«[...] Na crônica, o foco é o ponto de vista. No conto, é a ação. O conto exige criatividade. A crônica exige o poder de observação. Sim, mas não. [...]»
Tivemos [...] no instagram da Flique, uma conversa sobre o que distingue a crônica do conto. Eu e o contista e romancista Ronaldo Wrobel bem que tentamos demarcar fronteiras, afiar as arestas, criar um chequiliste que nos garantisse que nunca mais haveríamos de ler coelho por lebre. Mas terminamos negando as aparências, disfarçando as evidências e reconhecendo que não dá pra viver fingindo que haja alguma fórmula para discernir uma coisa da outra.
Na crônica, o foco é o ponto de vista. No conto, é a ação.
O conto exige criatividade. A crônica exige o poder de observação.
Sim, mas não.
Há contos em que o grande personagem é o narrador e tudo o mais está condicionado à sua subjetividade. Há crônicas em que o grande charme é como o autor conduz a ação, e o quanto existe ali de criatividade.
O conto estaria ligado à alta literatura, ao livro.
Se o romance é uma luta que se vence por pontos, no conto a vitória se dá por nocaute (não me parabenizem: a frase é do [Julio] Cortázar, autor de um conto fascinante, Casa Tomada). Nessa metáfora, a crônica seria, talvez, o anúncio do Ron Montilla, entre uma ida às cordas e outra. E estaria ligada ao jornal – que no dia seguinte ao da compra não vai para a estante ou para a mesinha de cabeceira, mas para a gaiola do porquinho da índia.
Porque a crônica é o rés do chão (quem disse não fui eu, foi o Antônio Cândido). A crônica é subliteratura que o cronista usa para desabafar perante os leitores (não me apedrejem: o autor dessa provocação foi o Rubem Braga, autor de Ao respeitável público, uma crônica desconcertante).
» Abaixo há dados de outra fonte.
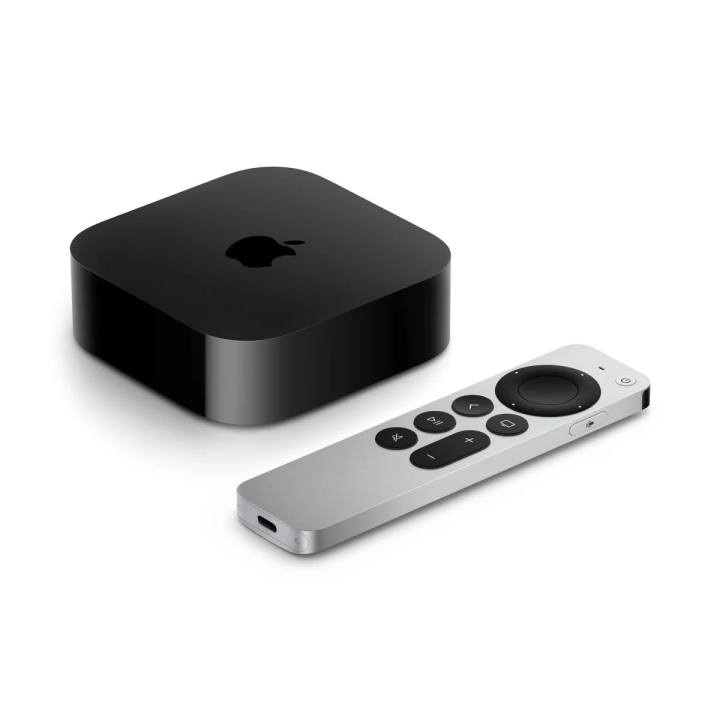 Apple TV 4K Wi-Fi + Ethernet with 128GB storage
Terminamos a laive e me deu vontade de escrever contos. De não me ver mais, na segunda-feira, jogado no chão do corredor, diante das portas fechadas, ou todo dia nas páginas de um feicebuque, entre feiquenils e gatos de glíter, compartilhado por quem acha que o texto fica melhor sem o meu nome. Quis (vaidade das vaidades) me imaginar embalado no capricho pela Argumentos e Travessas.
Enchi um pote de granola, abacaxi e maracujá (ontem foi dia de mercado, a geladeira estava alegrinha que nem vira-lata em churrasco) e comecei:
«Era um homem que sabia escolher maracujás.»
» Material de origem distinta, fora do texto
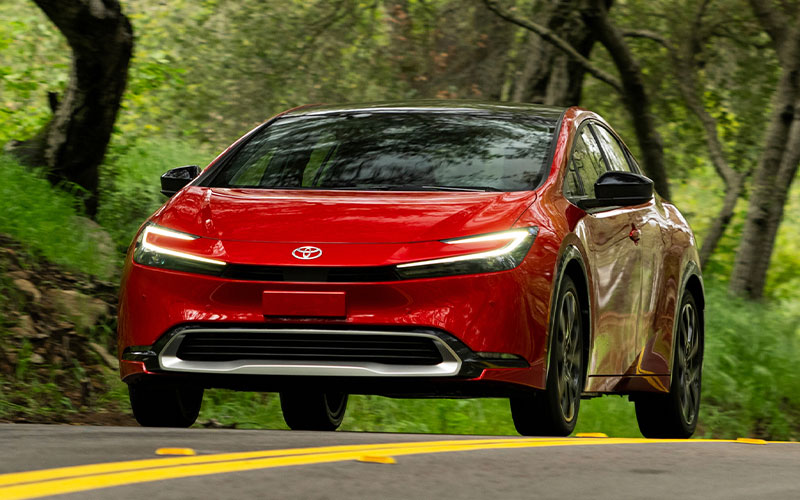 2024 Toyota Prius Prime XSE - pressroom.toyota.com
Isso daria um conto fantástico (não fantástico de “fantástico”, mas de sobrenatural mesmo; imagine, um homem que soubesse escolher maracujá!).
A segunda frase não veio. Tudo bem, podia ser um microconto.
Tentei outro ponto de partida:
«Era um supermercado em que o repositor de produtos dava preferência ao cliente.»
Não. Inverossímil demais.
Foi-se o pote de granola e, com ele, o sonho de cruzar a barreira (inexistente) entre os gêneros literários, deixar de ser cronista e me tornar contista.
Talvez incorpore a sugestão dada pelo Ronaldo: abandonar essas definições acadêmicas e partir para o cronto.
Pode ser que assim consiga escrever, despretensiosamente, sobre a ida ao mercado, o enigma que é um maracujá, a bênção que seria para os repositores de mercadoria se não houvesse clientes atrapalhando. Mas isso viraria, certamente, uma côntica.